Julio ha ensayado un ritual en los dos partidos como titular con la plantilla ‘pro’:«Visualizo el estadio [el José Zorrilla o La Romareda], las acciones que pueden producirse, posibles paradas, cómo salir a un balón aéreo o de qué manera ejecutar una jugada con los pies».

Julio Iricibar acaba contrato en junio de 2016 y, de momento, no cuenta con propuesta de renovación por parte del club. «Para mí, sería un orgullo estar el año que viene en el primer equipo del Real Valladolid. Por lo que he trabajado desde niño y por lo que he tratado de demostrar siempre.
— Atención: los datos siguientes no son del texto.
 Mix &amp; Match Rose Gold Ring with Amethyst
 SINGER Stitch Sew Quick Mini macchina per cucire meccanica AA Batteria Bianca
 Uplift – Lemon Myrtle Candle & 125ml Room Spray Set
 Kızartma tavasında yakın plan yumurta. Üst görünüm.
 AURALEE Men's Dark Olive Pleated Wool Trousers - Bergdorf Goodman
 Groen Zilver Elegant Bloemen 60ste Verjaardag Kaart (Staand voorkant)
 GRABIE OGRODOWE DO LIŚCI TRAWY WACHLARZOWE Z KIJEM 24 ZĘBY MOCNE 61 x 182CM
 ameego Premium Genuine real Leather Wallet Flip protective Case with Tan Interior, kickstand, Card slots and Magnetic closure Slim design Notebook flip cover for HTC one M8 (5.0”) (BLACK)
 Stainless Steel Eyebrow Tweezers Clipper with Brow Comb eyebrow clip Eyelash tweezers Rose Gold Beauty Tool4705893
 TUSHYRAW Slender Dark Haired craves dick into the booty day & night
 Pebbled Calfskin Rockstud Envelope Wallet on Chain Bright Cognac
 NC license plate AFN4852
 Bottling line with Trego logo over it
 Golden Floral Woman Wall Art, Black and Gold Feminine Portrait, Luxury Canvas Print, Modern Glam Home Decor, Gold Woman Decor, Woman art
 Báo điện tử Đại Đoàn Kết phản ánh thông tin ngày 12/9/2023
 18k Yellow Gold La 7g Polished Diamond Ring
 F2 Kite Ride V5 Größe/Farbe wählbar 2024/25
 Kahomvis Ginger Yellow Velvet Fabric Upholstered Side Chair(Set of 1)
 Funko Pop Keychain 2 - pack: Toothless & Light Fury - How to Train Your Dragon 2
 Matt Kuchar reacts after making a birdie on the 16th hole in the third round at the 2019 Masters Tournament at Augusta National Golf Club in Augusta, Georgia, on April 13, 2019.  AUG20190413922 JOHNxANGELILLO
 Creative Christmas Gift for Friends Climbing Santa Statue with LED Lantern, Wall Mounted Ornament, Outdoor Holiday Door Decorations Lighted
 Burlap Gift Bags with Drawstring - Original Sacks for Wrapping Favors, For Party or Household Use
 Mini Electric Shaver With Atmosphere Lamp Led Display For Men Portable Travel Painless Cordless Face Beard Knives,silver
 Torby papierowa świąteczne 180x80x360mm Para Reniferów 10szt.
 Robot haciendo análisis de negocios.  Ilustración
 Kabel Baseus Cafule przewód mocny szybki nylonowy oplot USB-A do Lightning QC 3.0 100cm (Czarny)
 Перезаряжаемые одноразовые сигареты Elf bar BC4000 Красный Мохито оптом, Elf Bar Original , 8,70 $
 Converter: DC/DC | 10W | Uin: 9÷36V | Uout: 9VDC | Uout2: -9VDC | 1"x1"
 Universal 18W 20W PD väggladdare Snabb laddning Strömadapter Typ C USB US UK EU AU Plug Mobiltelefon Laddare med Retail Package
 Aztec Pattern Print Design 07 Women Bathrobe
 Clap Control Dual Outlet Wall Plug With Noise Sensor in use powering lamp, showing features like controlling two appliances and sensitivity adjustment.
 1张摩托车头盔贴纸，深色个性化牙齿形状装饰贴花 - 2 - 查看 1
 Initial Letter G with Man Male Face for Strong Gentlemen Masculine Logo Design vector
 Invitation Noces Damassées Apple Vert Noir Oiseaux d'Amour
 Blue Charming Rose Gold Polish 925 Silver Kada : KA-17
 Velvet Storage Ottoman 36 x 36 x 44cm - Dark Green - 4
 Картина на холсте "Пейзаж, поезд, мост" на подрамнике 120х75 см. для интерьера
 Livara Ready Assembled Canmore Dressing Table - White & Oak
Si tuviera que marcharme, sería un momento duro, aunque mi carrera no se acabaría y seguiría luchando por el sueño que tengo desde pequeño».

Julio Iricibar mira por la ventana del aula de su colegio, donde se desarrolla esta entrevista, y añade. «¡Pero también pienso que ojalá pueda asentarme en el equipo de mi ciudad!».